I. Omnis homines, qui sese student præstare ceteris animalibus, summa ope niti decet uitam silentio ne transeant, ueluti pecora, quæ natura prona atque uentri oboedientia finxit. Sed nostra omnis uis in animo et corpore sita est : animi imperio, corporis seruitio magis utimur; alterum nobis cum dis, alterum cum belluis commune est. Quo mihi rectius esse uidetur ingenii quam uirium opibus gloriam quærere, et, quoniam uita ipsa qua fruimur brevis est, memoriam nostri quam maxume longa efficere : nam diuitiarum et formæ gloria fluxa atque fragilis est, uirtus clara æternaque habetur.
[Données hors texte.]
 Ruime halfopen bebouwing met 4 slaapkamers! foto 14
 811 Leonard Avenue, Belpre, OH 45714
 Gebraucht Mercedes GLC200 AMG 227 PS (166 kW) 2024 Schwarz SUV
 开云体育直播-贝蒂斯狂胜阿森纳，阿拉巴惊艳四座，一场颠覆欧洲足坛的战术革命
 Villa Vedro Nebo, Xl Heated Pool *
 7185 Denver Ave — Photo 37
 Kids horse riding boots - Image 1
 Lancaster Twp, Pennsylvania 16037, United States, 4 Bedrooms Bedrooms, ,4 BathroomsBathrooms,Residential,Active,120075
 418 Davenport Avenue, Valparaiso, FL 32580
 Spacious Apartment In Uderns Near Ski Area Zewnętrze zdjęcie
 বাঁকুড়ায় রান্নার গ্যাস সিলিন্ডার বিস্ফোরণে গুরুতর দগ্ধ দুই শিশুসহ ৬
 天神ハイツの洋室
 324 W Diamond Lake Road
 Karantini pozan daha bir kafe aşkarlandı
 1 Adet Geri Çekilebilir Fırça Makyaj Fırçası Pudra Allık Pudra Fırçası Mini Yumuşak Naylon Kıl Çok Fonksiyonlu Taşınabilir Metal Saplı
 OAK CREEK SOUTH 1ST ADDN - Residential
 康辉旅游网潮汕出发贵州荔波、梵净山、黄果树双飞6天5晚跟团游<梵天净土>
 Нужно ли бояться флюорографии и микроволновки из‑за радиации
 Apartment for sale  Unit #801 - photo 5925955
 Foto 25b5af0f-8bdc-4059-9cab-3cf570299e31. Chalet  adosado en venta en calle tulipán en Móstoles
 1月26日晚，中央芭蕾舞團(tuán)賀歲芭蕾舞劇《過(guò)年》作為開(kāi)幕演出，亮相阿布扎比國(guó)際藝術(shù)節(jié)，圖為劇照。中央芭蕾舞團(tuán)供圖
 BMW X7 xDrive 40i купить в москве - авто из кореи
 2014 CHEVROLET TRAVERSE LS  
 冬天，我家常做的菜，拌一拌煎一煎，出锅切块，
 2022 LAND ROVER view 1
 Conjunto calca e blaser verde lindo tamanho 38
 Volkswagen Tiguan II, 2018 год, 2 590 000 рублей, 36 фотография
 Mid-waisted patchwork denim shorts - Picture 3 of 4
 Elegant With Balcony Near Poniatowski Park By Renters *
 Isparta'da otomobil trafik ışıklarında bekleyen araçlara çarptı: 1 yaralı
Sed diu magnum inter mortalis certamen fuit, uine corporis an virtute animi res militaris magis procederet : nam et, priusquam incipias, consulto, et, ubi consulueris, mature facto opus est; ita utrumque, per se indigens, alterum alterius auxilio eget.

(Traduction littéraire, de Maurice CROISET)

I. Tout homme qui aspire à se distinguer du reste des animaux doit faire tous ses efforts pour ne point traverser silencieusement la vie, comme la brute que la nature a courbée vers le sol et asservie à ses appétits. Notre être, à nous, n’est complet que par l’ensemble d’une âme et d’un corps : par l’âme, nous sommes plus maîtres ; par le corps, plus esclaves : maîtres, avec les Dieux ; esclaves, avec les bêtes. Aussi me semble-t-il plus raisonnable de tendre à la gloire par les facultés de l’erit que par les forces du corps, et, puisque par elle-même la vie dont nous jouissons est courte, d’assurer à notre mémoire la plus longue durée possible : car la gloire que donnent les richesses et la beauté est passagère et fragile ; le mérite, au contraire, est un bien éclatant, impérissable. Cependant ce fut longtemps l’objet d’un grand débat parmi les mortels, que de savoir laquelle des deux, de la force du corps ou de l’énergie de l’âme, contribuait le plus au succès militaire : c’est qu’en effet il faut, avant l’engagement, de la réflexion ; après la réflexion, de la promptitude dans l’exécution ; et ainsi l’une et l’autre force, insuffisantes isolément, ont besoin de se prêter un mutuel appui.